We introduce a new model for multivariate probabilistic time series prediction, designed to flexibly address a range of tasks including forecasting, interpolation, and their combinations. Building on copula theory, we propose a simplified objective for the recently-introduced transformer-based attentional copulas (TACTiS), wherein the number of distributional parameters now scales linearly with the number of variables instead of factorially. The new objective requires the introduction of a training curriculum, which goes hand-in-hand with necessary changes to the original architecture.
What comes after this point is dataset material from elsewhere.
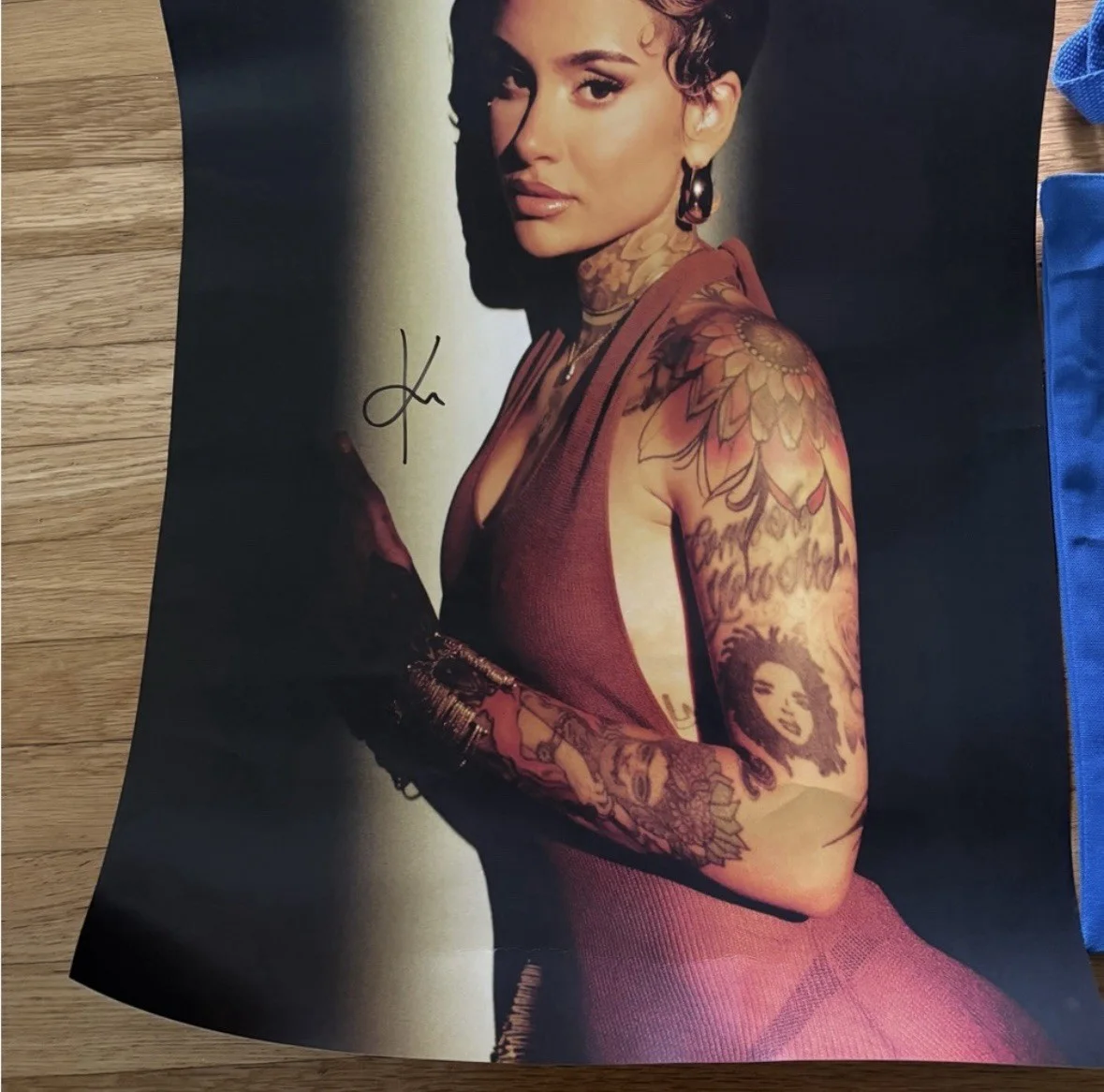Kehlani autographed poster set, image 2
We show that the resulting model has significantly better training dynamics and achieves state-of-the-art performance across diverse real-world forecasting tasks, while maintaining the flexibility of prior work, such as seamless handling of unaligned and unevenly-sampled time series. Code is made available at https://github.com/ServiceNow/TACTiS.

翻译：我们提出了一种新的多元概率时间序列预测模型，旨在灵活应对预测、插值及其组合等一系列任务。基于连接函数理论，我们为近期提出的基于Transformer的注意力连接函数（TACTiS）简化了目标函数，使得分布参数的数量从原先的阶乘级缩放变为与变量数量呈线性关系。该新目标函数需要引入训练课程，这与原始架构的必要变更相辅相成。实验表明，所得模型具有显著改善的训练动态，并在多种真实世界预测任务中达到最先进性能，同时保持了先前工作的灵活性，例如无缝处理非对齐和不均匀采样的时间序列。代码已开源在https://github.com/ServiceNow/TACTiS。